**EXERCISE OBJECTIVE:**
With pictures omitted, transcribe exactly the lines from the one containing "IDEWEI For Oppo" to the end of the records below.

**INFORMATION PROVIDED:**
__________________________________________________

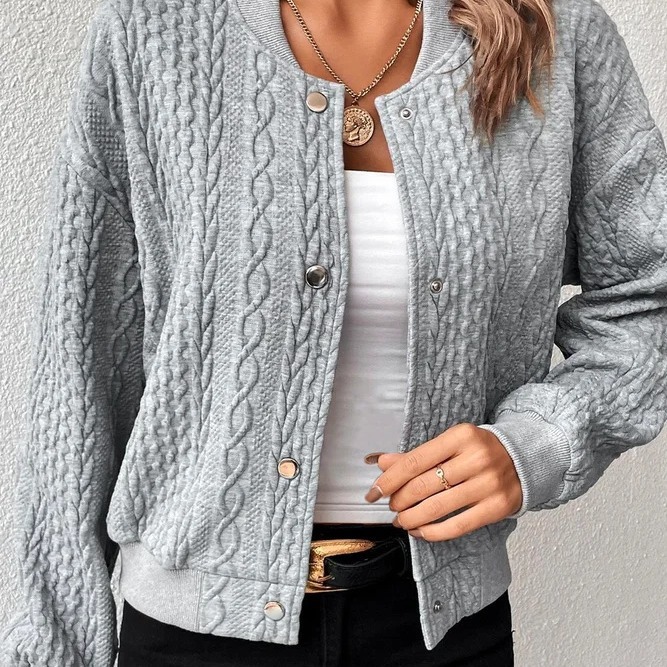 2023 Autumn New Arrival Amazon Independent Site Cross-border TEMU European and American Fashion Solid Color Stand Collar Single-breasted Top for Women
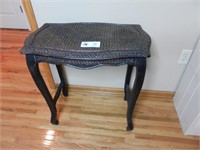 Nice Painted Wicker Table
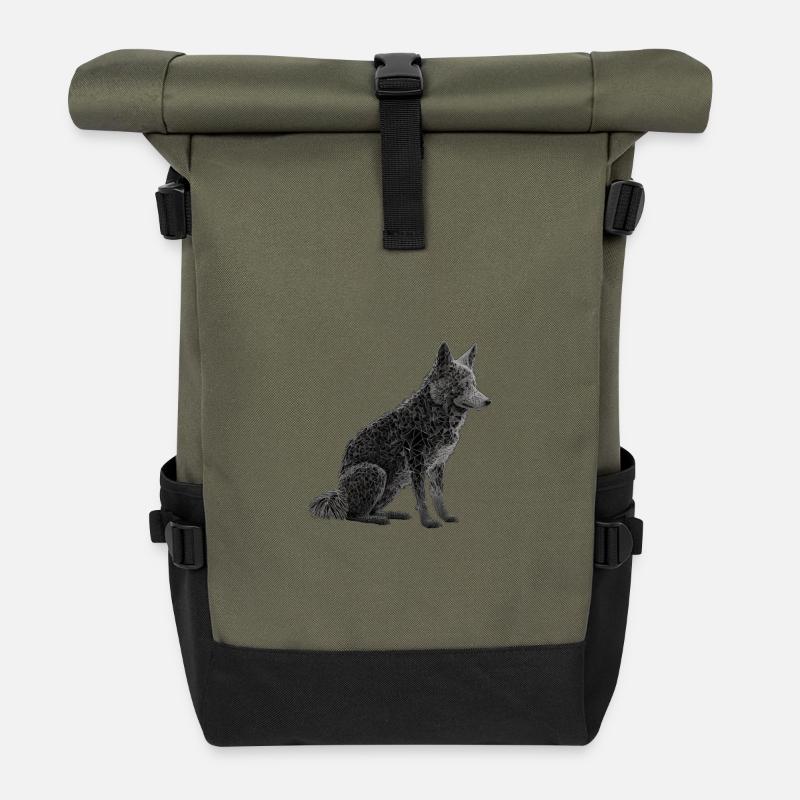 Wolf - Rolltop Rucksack - Olive/Schwarz
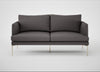 Matera 2 Seater Sofa Loop Boucle Granite / Stainless Steel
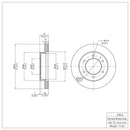 DFC GeoSPEC Coated Rotors - Plain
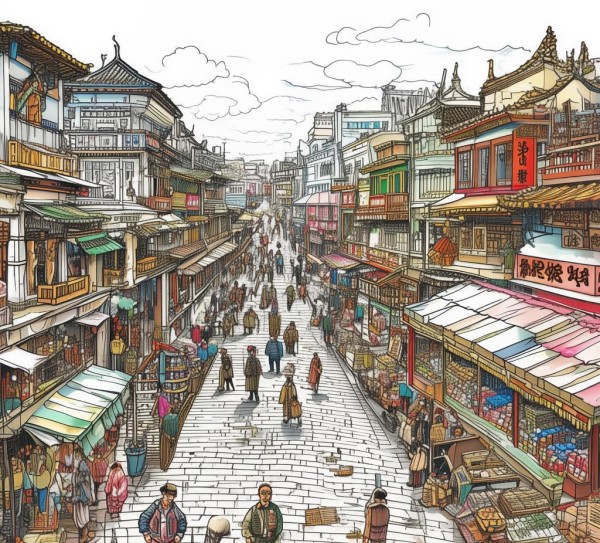 肃宁县商贸行业发展分析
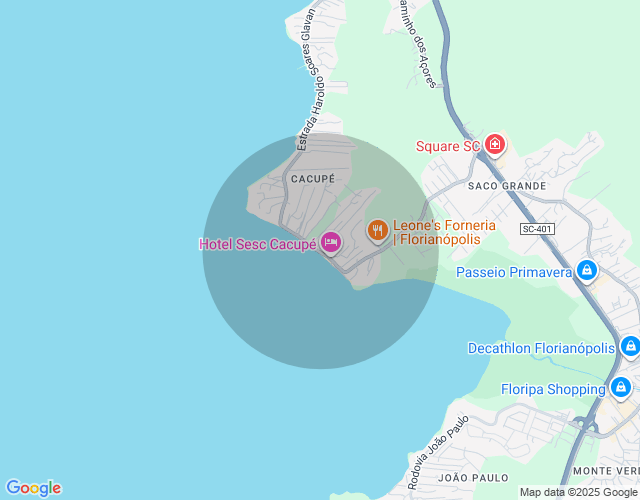 Imóvel no mapa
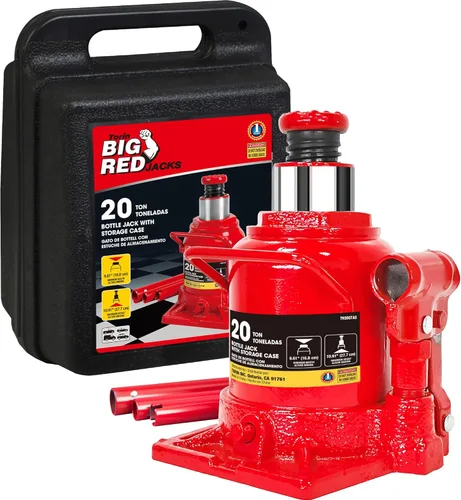 Miniatura 6 de BIG RED T90213 Torin Gato Hidráulico de Botella Soldado con Estuche de Transporte y Almacenamiento de Moldeo por Soplado, Capacidad de 2 Toneladas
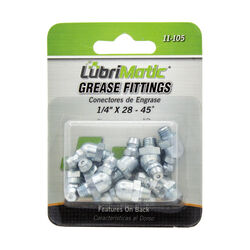 Lubrimatic 45 degree Grease Fittings 10 pk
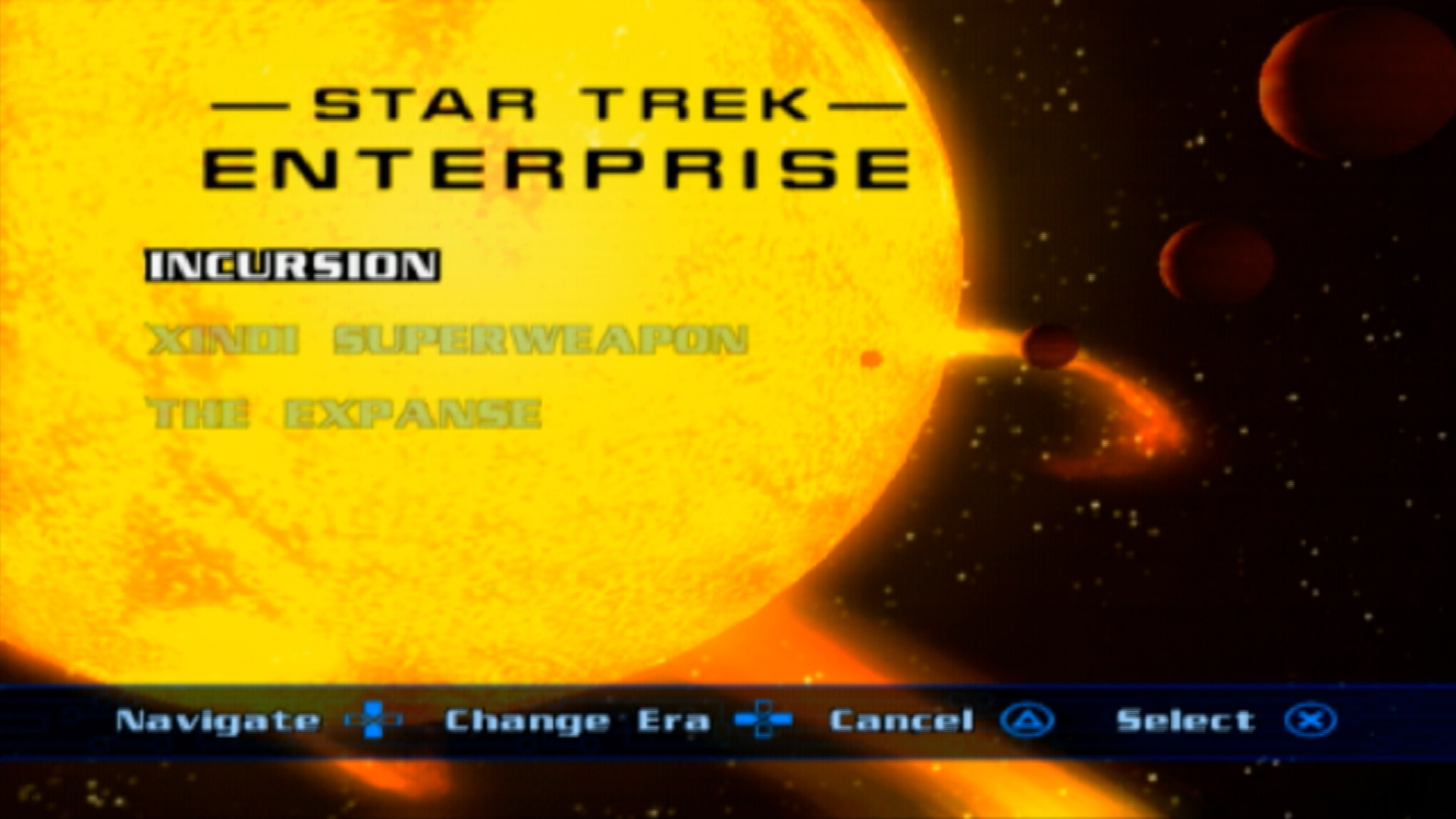 Star Trek Encounters PS2 mission page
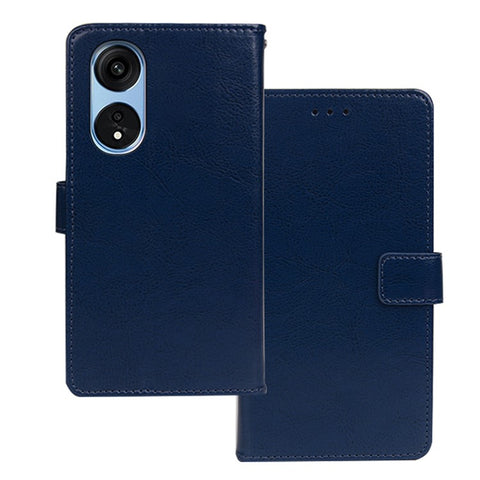 IDEWEI For Oppo A1 Pro 5G / Reno8 T 5G Crazy Horse Texture Phone Wallet Cover PU Leather Stand Anti-drop Phone Case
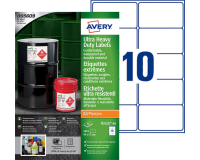 Etiquette Avery B7173-50 99x57mm polyéthylène blanc 500 pièces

__________________________________________________

**PROBLEM SOLUTION:**
 IDEWEI For Oppo A1 Pro 5G / Reno8 T 5G Crazy Horse Texture Phone Wallet Cover PU Leather Stand Anti-drop Phone Case
 Etiquette Avery B7173-50 99x57mm polyéthylène blanc 500 pièces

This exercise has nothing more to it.